North Carolina Students Use 26th Amendment to Challenge Voter ID Law

I recently heard about this story in the New York Times detailing a lawsuit challenging North Carolina's statute requiring people to provide photo identification when voting. The Times describes North Carolina's law:

Under the North Carolina law passed last year, the period for early voting was shortened and same-day registration was eliminated. Beginning in 2016, voters will need to show photo identification, and student ID cards, including those issued by state universities, will not be acceptable. In most instances, neither will an out-of-state driver’s license. 
The law also eliminated a program in which teenagers filled out their voter-registration forms early and were automatically registered when they turned 18.

The link to the story contained the words in the subtitle: "College Students Claim Voter ID Laws Discriminate Based on Age." I was initially skeptical, since age is not a suspect classification and laws that discriminate based on age are not likely to be overturned for being discriminatory.

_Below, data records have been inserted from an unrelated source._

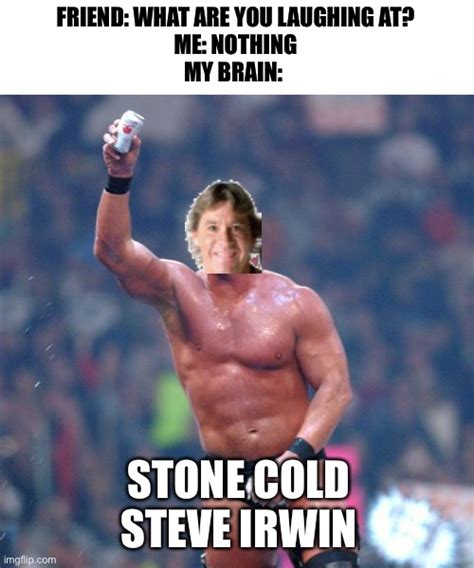 Stone Cold Steve Austin - Imgflip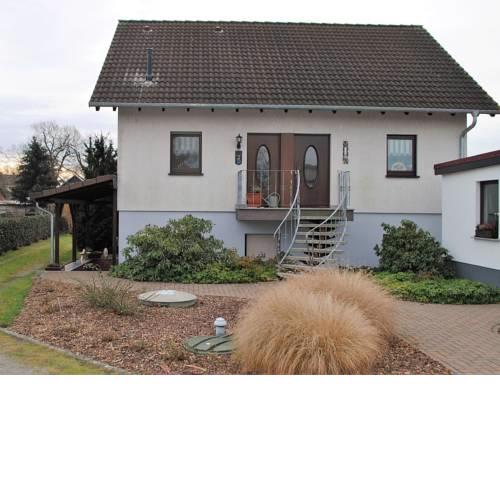 Modern Apartment in Schmogrow-Fehrow with Barbeque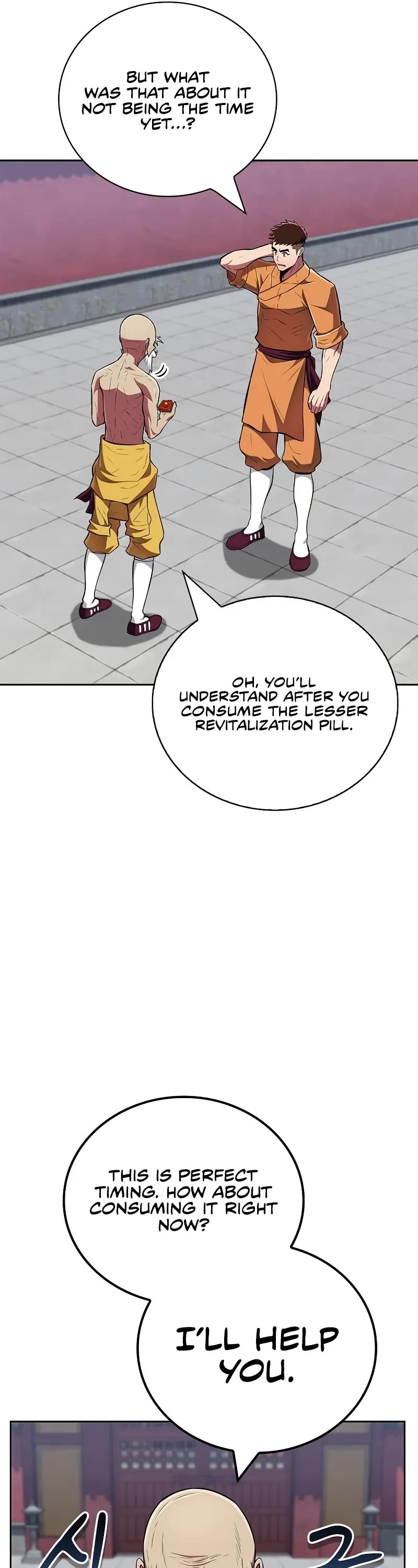 Genius Martial Arts Trainer chapter 40 page 7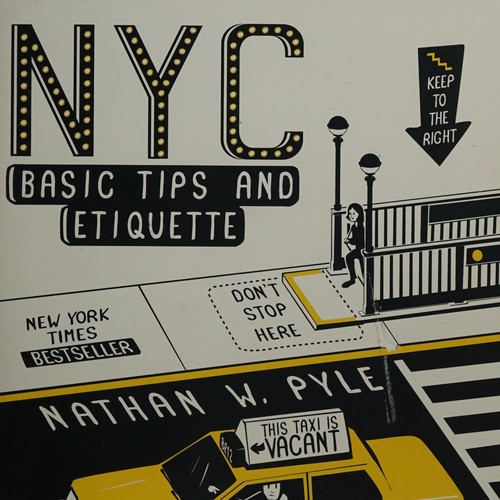 NYC basic tips and etiquette (2013)
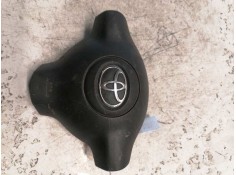 Recambio de airbag delantero izquierdo para toyota yaris (ncp1/nlp1/scp1) 1.4 turbodiesel cat referencia OEM IAM 005771803ED6  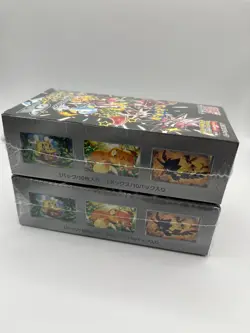 Pokemon TCG 2 Booster Box Bundle Shiny Treasure ex SV4a ??????????ex Sealed JP - Image 2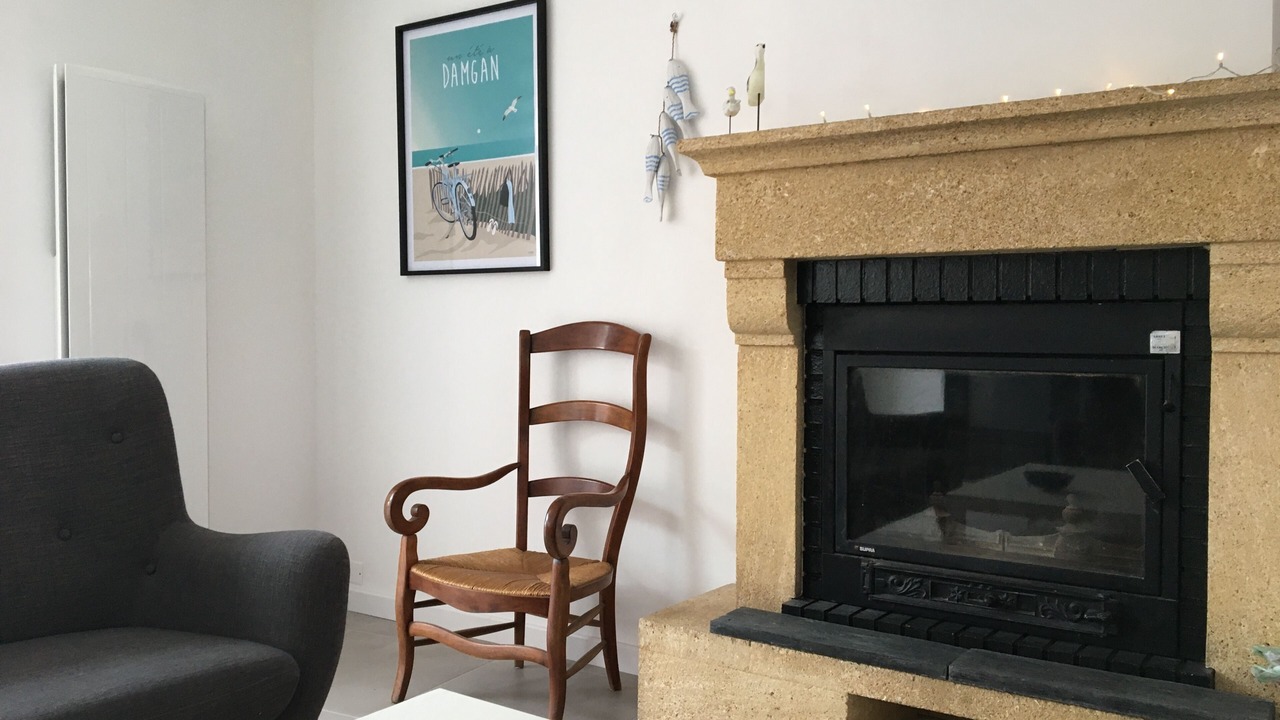 Photo of Livingroom in Damgan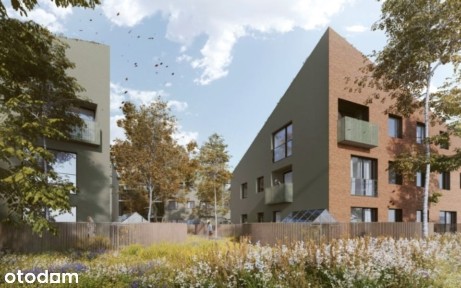 Osiedle Cukrownia Gniezno II etap - mieszkanie 32,51m2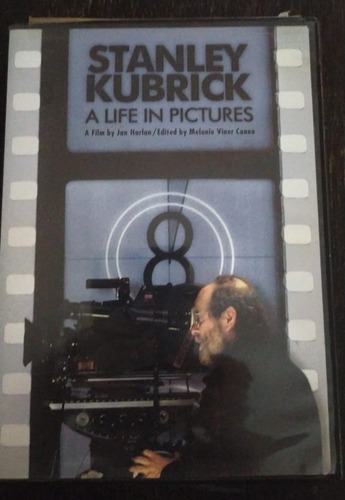Stanley Kubrick: A Life In Pictures Dvd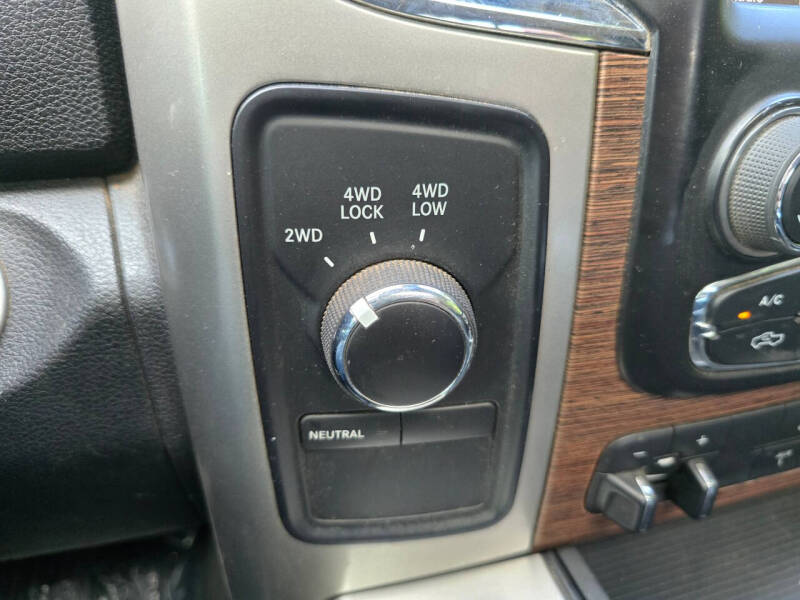 2018 RAM 2500 Laramie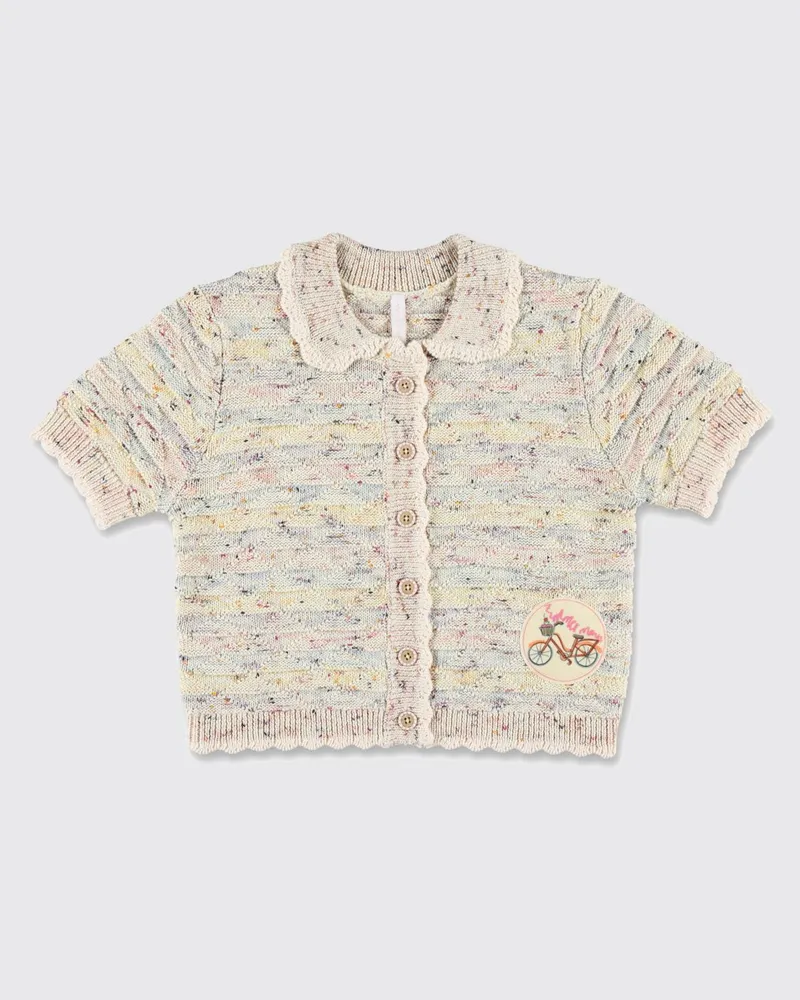 Zimmermann Pullover kinder Bunt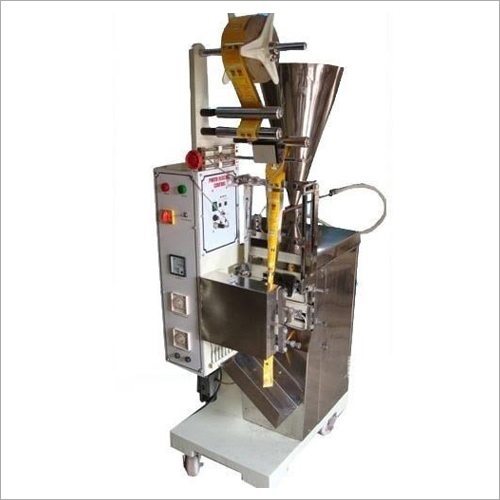 Pouch Packaging Machine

But my skepticism was based on doctrine that stems from the Fourteenth Amendment's Equal Protection Clause. While the plaintiffs challenging North Carolina's Voter ID law are arguing that the law violates the Equal Protection Clause, they are also taking a novel approach based on the 26th Amendment. From the Times:

[L]awyers for seven college students and three voter-registration advocates are making the novel constitutional argument that the law violates the 26th Amendment, which lowered the voting age to 18 from 21. The amendment also declares that the right to vote “shall not be denied or abridged by the United States or any state on account of age.” 
There has never been a case like it, and if the students succeed, it will open another front in what has become a highly partisan battle over voting rights.
I'm not sure whether the students will succeed with this argument. Given the lack of established case law or standards governing 26th Amendment lawsuits, I don't think anybody knows how the court will treat this theory. It will be interesting to see how the court handles the argument, and whether similar lawsuits will be filed in other states.

Also, Ann Coulter isn't going to be happy about this.